Professionals used a few more advanced tools (e.g., impedance bridges, spectrum analyzers, and wave analyzers), but for the amateur, these were hideously expensive. For example, the Nicolet spectrum analyzer I used as a whippersnapper (state-of-the-art for its time) would sell for more than $200,000 in today’s currency. It also outweighed me, so it was not the most convenient instrument to use. At the expense of adding a lot of tedium and time to the measurement of frequency spectra, you could use a somewhat less expensive and much less bulky wave analyzer (e.g., the Hewlett-Packard 3581A), but it still carried a rather prohibitive cost. Typically, we could only view the tools of professionals with burning envy.
Likewise, speaker measurements were done with swept sine waves or (if you were particularly cool) warble tones, point-by-point, graphed by hand. These manual methods suffered from the need to improvise an anechoic chamber (and it was rarely satisfactorily done). High noise levels, and again, time and tedium were major impediments.

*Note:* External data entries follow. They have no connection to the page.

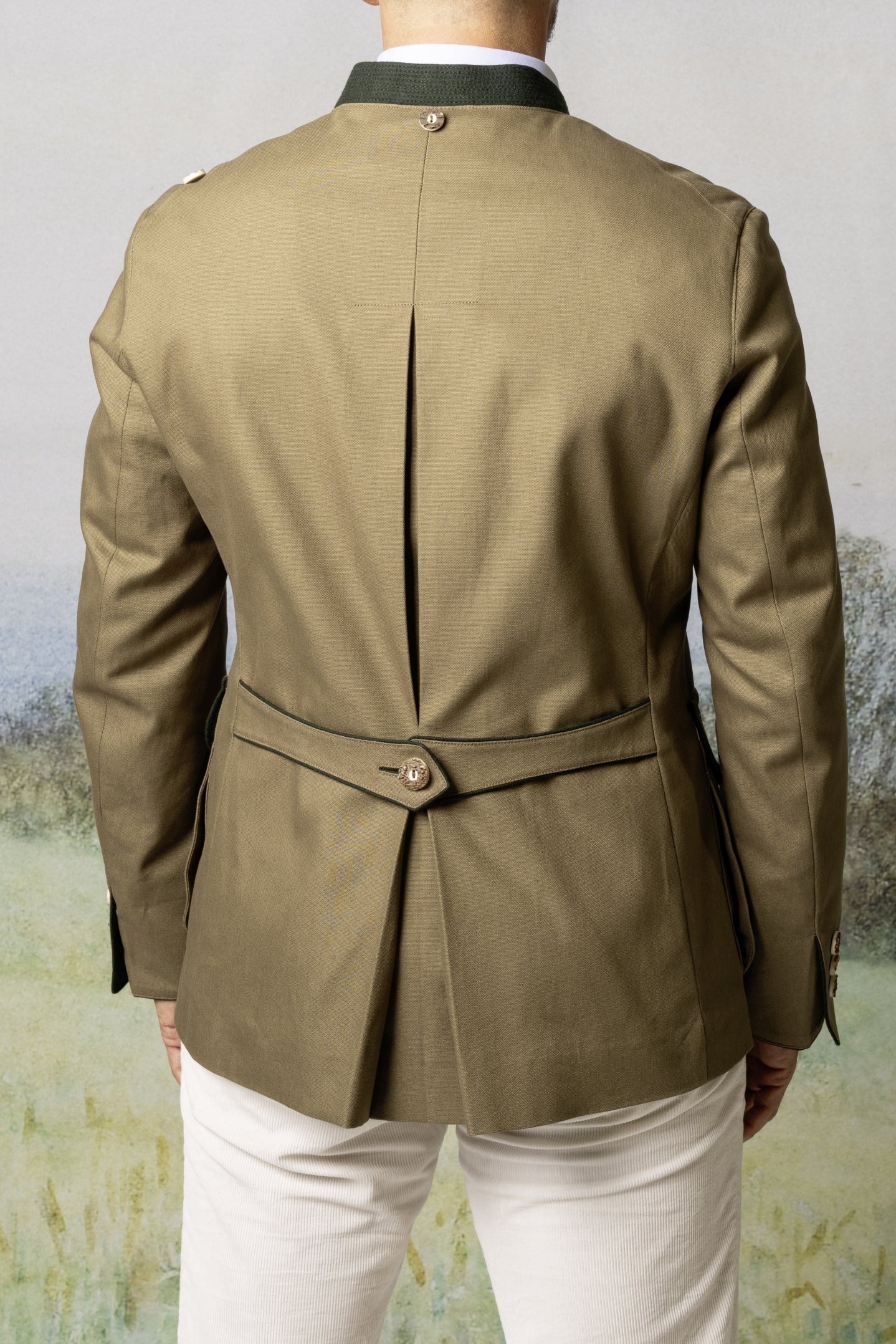 Jacke Salvator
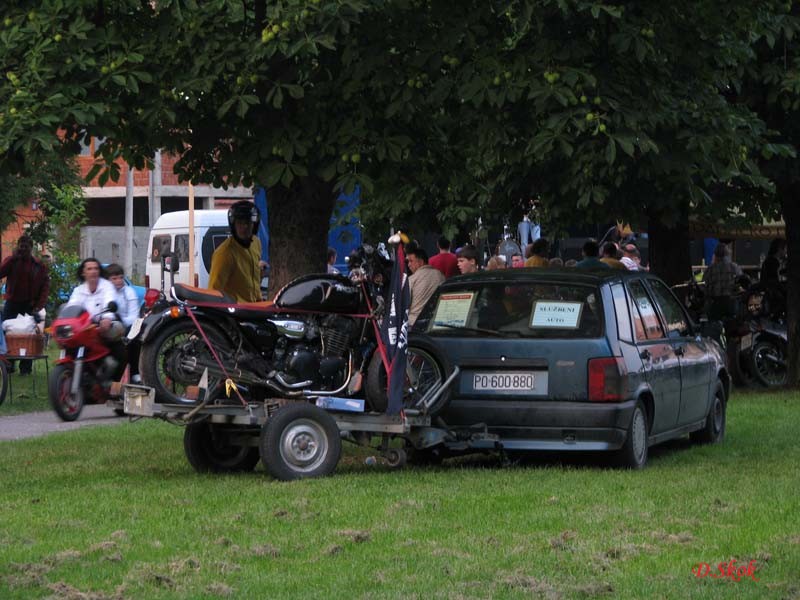Moto Skup Paraćin 2009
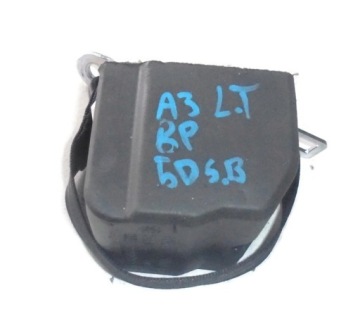 Audi A3 8P ремень безопасности левый SPORTBACK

Commercial breakthroughs such as Crown’s Tecron Time Delay Spectrometry (TDS) analyzer or the use of multiplex and impulse techniques were a blessing for professionals, but again, cost was a deterrent for most amateurs. With the advent and evolution of the personal computer (PC), a revolution took place. One of the first shots fired was Bill Waslo’s innovative IMP audio analyzer—about 20 years ago. The IMP was a sophisticated speaker testing system that could test loudspeaker frequency response and complex impedance using impulse response (later upgraded to MLS), and connected to a PC via the printer port.
Recognizing that sophisticated signal processing power was now available on inexpensive chips and that much of the cost and bulk of professional spectrum analyzers was the user input interface and display, the IMP cleverly took advantage of the early PCs’ newly available graphics and input capabilities to provide a remarkably sophisticated tool for amateur speaker builders. (In this context, I have used PC in the general sense, not limited to specific brands or operating systems, though in this case, the IMP was only compatible with IBM-type computers running DOS.)
When I first saw Waslo’s article, “The IMP Audio Analyzer,” I literally ran to the mailbox to send off a check for the kit. Finally, some of the incredible capabilities I had at work for scientific measurements could be available to me at home for my audio hobby! And, I wasn’t disappointed. The unit greatly increased my measurement capabilities. On a commercial level, data acquisition systems (attachments to the computer that converted analog measurements into data accessible by the computer’s CPU for calculation and display) started to become widely available to the professional community, but they were expensive and required some sophisticated user skills in programming them to get usable measurement results.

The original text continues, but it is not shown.